By  John Mulderig, Catholic News Service
  • July 30, 2017

NEW YORK – "Wars are not won by evacuations," British Prime Minister Winston Churchill famously observed. As writer-director Christopher Nolan's compelling historical drama Dunkirk (Warner Bros.) demonstrates, however, fine films can be made about them.

May and June 1940 were indeed, in Mel Brooks' sarcastic phrase, "Springtime for Hitler." Using blitzkrieg tactics and a surprise attack through the supposedly impassible Ardennes Forest, his forces rapidly defeated and encircled the British Expeditionary Force and its French allies.
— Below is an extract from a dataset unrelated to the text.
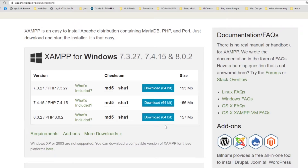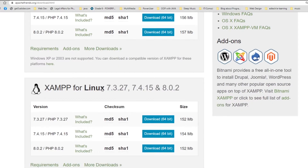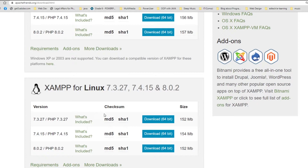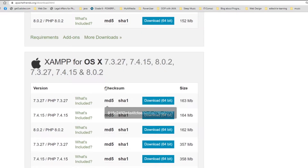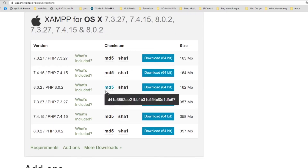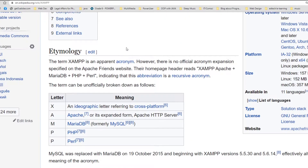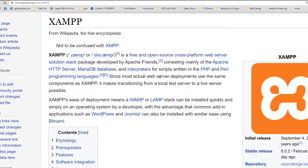Regardless of the operating system you're using, if you're using Windows there's one for Windows, for Linux there's also a XAMPP for Linux, and as well as for Mac OS. If we head over to Wikipedia and look for information about XAMPP, it says it's free — so you don't have to waste money to acquire this application. It's open source and cross-platform.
Eventually hundreds of thousands of troops were left trapped in a small pocket centered on the English Channel port of the title.

Though the Fuhrer called a halt on the land assault and assigned the Luftwaffe the task of finishing off the Allies from the air, the prospects for Britain remained dire. Were the vast bulk of its army to be taken prisoner in France, the outlook for defending against a Nazi invasion of Britain itself would be virtually hopeless.

In picking up the story at this point, Nolan takes an Everyman's view of the situation. Dividing the action into events on land, sea and air, he apportions story lines among an ensemble cast, with sometimes confusing and dramatically diffuse results.

Representing the cornered forces on the beach is a trio of ordinary soldiers, Tommy (Fionn Whitehead), Gibson (Aneurin Barnard) and Alex (Harry Styles). Among the few officers portrayed in the film are the senior naval representative on the scene, Cmdr. Bolton (Kenneth Branagh) and his army counterpart, Col. Winnant (James D'Arcy).

Embodying the many hundreds of British seafaring civilians who answered the call for fishing and pleasure craft to join in the rescue is small yacht owner Mr. Dawson (Mark Rylance). Dawson is accompanied by his teen son, Peter (Tom Glynn-Carney) and by Peter's equally youthful friend, George (Barry Keoghan).

In the middle of the Channel, they rescue an unnamed soldier, played by Cillian Murphy, whose shell-shocked condition and frantic determination not to return, however temporarily, to Dunkirk pose a fresh and distracting challenge for them, with ultimately grim results.

Up in the skies, a duo of RAF Spitfire pilots – Collins (Jack Lowden) and his higher-ranking comrade, Farrier (Tom Hardy) – battle the German fighters and bombers seeking to wreak havoc on both the hapless soldiers and the shipping below.

The perils of the desperate, against-the-odds operation are fully exploited for dramatic tension, with near-death experiences awaiting almost every character. The measures resorted to by some of them in their efforts to survive seem questionable – at least as viewed from a comfortable theatre seat.

Yet these ethical lapses are balanced by a general sense of heroic pluck and by incidents in which humane justice and generosity of spirit are upheld. The altruism motivating Dawson and others to risk life and limb for the sake of strangers also elevates the moral tone.

While Dunkirk is not for the fainthearted of any age, the movie's educational value and relative freedom from objectionable content makes it probably acceptable for older teens.

The film contains intense stylized combat violence, brief gore, a couple of uses of profanity and at least one instance each of rough, crude and crass language. The Catholic News Service classification is A-III – adults. The Motion Picture Association of America rating is PG-13 – parents strongly cautioned. Some material may be inappropriate for children under 13.